Henri’s Field, an experimental agroforestry growing space on the Dartington estate run by Schumacher College.
We’ve all read about it in the news and felt it in our pocketbooks. The price of food – along with nearly all our living expenses – are on the rise, and fast. According to The Guardian, the cost of basic staples has risen by nearly ten percent in one month. The culprit? Volatile oil and gas prices, which affect nearly everything (fertilizer included), along with disruptions in supply chains due to climate change and the war in the Ukraine.
Of course, there are other factors at play. Diving deeper into the issue, we find an array of complex issues – many of them having little to do with supply and demand, rather corporate greed and speculation, and uniformity across the entire chain. But no matter how we understand or approach the unfolding crisis, there should be just one conclusion: that the global food system is broken. And the only solution is transforming it altogether.
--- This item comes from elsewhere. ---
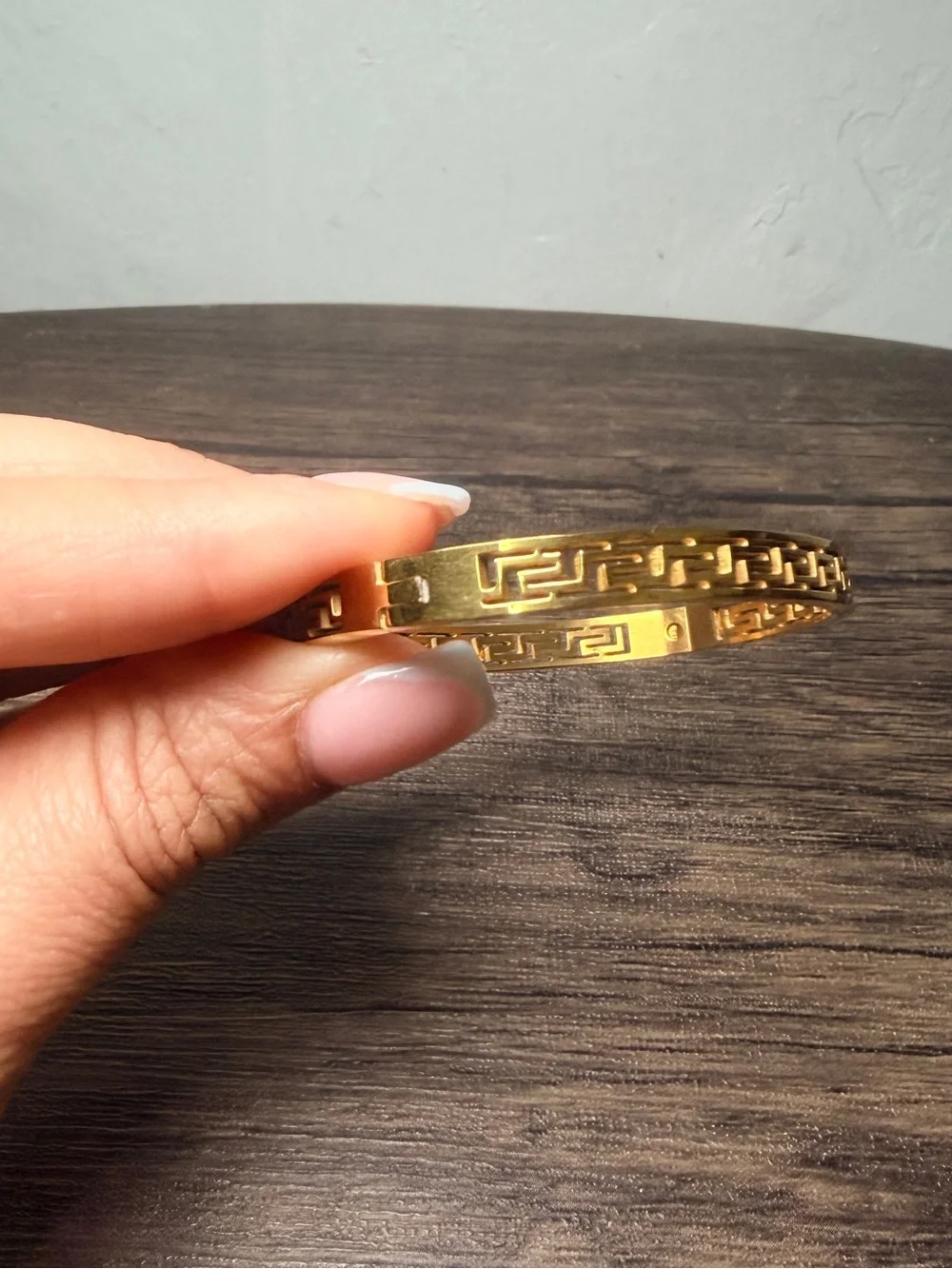 N/A elegant gold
It’s a bold proposition, though hardly new. For decades experts, activists, and some politicians have been sounding the alarm and calling for radical changes to the industrial food system. As scholar Raj Patel argues, even when “functioning” the global food system leaves nearly a billion hungry or suffering from malnutrition, and another two billion overweight or obese.
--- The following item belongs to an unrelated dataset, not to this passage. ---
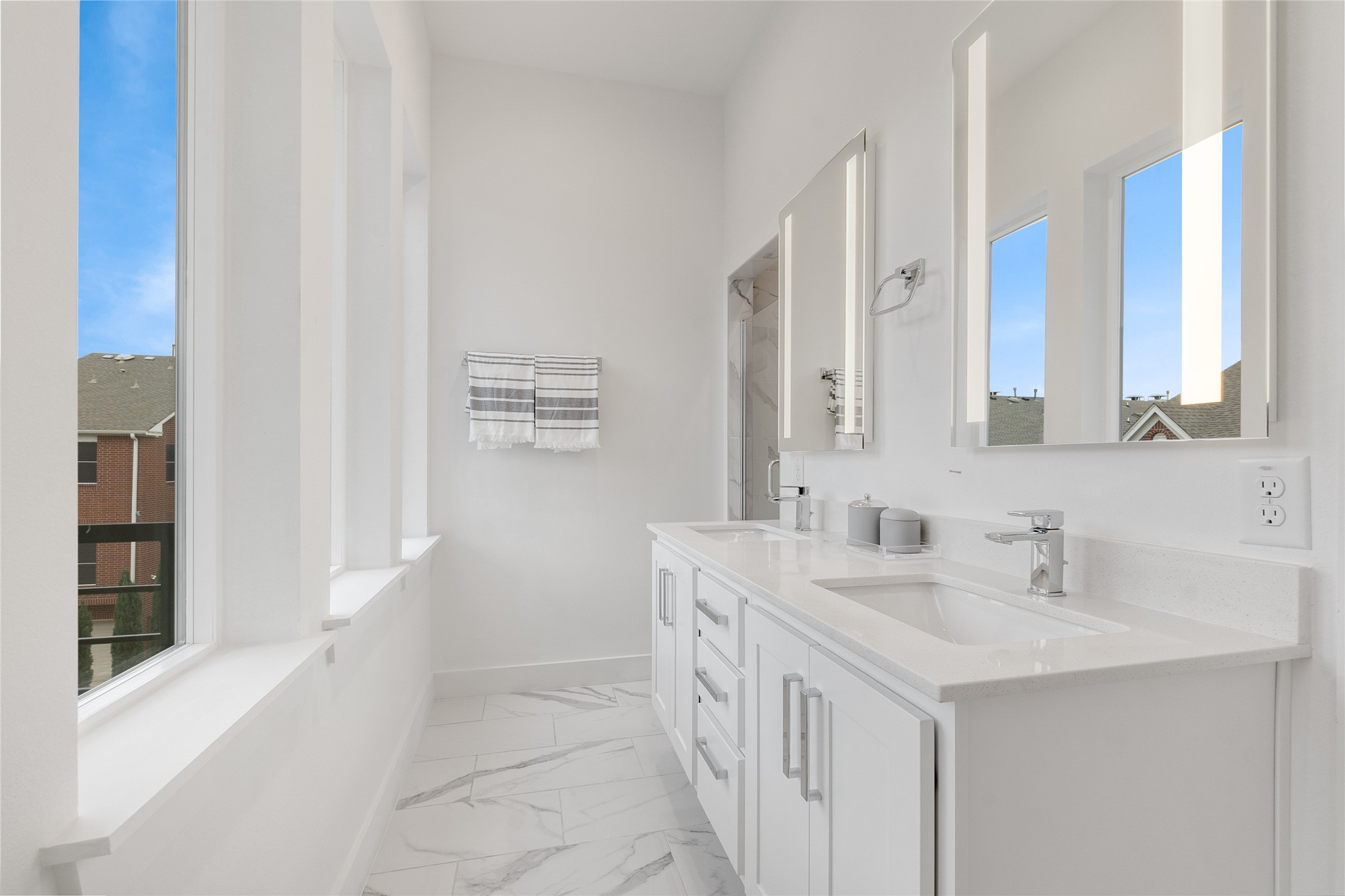 3915 N Hall Street 206 , Dallas, TX, 75219 | 20630624 | Realty Texas LLC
Image: Head Gardener, Colum Pawson, leads a flax seed sowing session in Henri’s Field with students on our hoticulture programme.
Yet still, for most people, the idea of transforming something so colossal – not to mention something so necessary, for feeding the world – is daunting. We’ve been led to believe that what’s happening is inevitable. That the only way to avoid a food crisis is to keep oil cheap and abundant; along with boosting productivity through high technology, and maintaining secure links to distant harvests (despite mounting evidence that these foods aren’t even destined for human consumption). We’re unable to imagine the possibilities of something different because we see this as the only way.
Those of us involved in the alternative food and farming movement know this is untrue. We’ve seen with our own eyes how abundant and nutritious food can be grown independently from fossil fuels and destructive global markets, and witnessed the diversity and life brought back to soil all but destroyed by industrial agriculture. We’ve seen the potential of bold, out-of-the-box thinking – and action – to help recreate and regenerate broken food economies and cultures.
These are the ingredients that will make up a transformed food system. Often hidden, they exist everywhere. In every city and community across the globe there are examples of individuals and organizations taking back control of their food production and consumption, and stewarding the land in a way that is more harmonious with nature. Some have been doing this for generations, others are just beginning. As uncertainty becomes the norm, and standardized food becomes more and more unhealthy and unreliable, interest in alternatives and engaging with food and agriculture grows.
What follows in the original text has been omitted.